# Instructions for the task:
Return exactly the lines below, starting with the one that has "Marktplatz von Brügge" and going on through the one that has "Excellent 350W 8inch".

# Dataset extract:
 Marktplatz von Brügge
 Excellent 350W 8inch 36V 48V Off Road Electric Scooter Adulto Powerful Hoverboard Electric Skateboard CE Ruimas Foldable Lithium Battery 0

* * *

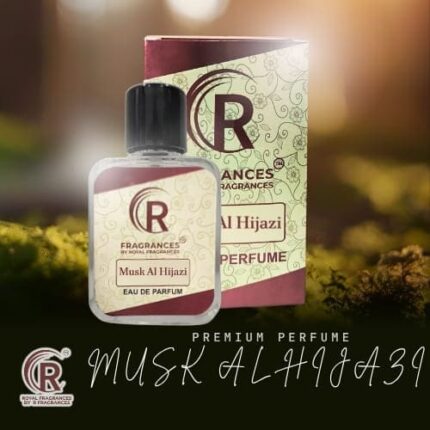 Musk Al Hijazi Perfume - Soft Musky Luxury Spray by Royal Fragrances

* * *

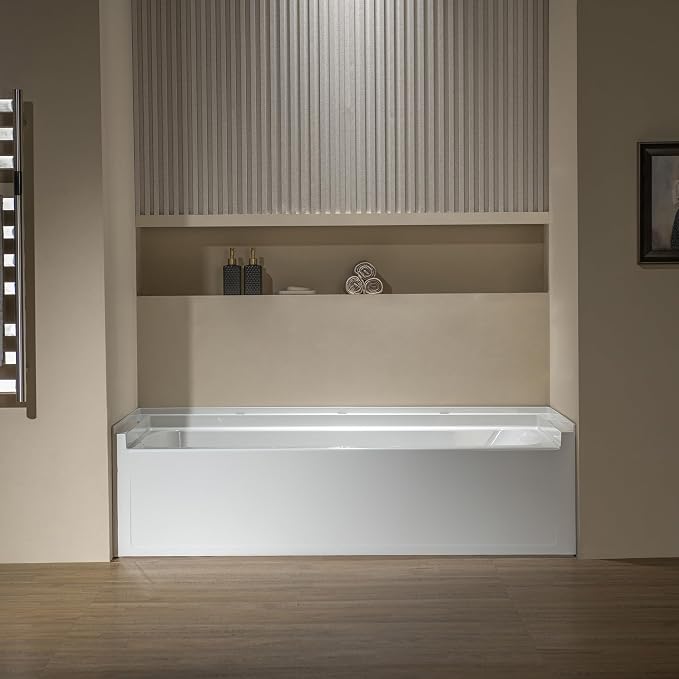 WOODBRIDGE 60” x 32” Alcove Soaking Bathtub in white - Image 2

# Answer to this problem:
 Marktplatz von Brügge
 Excellent 350W 8inch 36V 48V Off Road Electric Scooter Adulto Powerful Hoverboard Electric Skateboard CE Ruimas Foldable Lithium Battery 0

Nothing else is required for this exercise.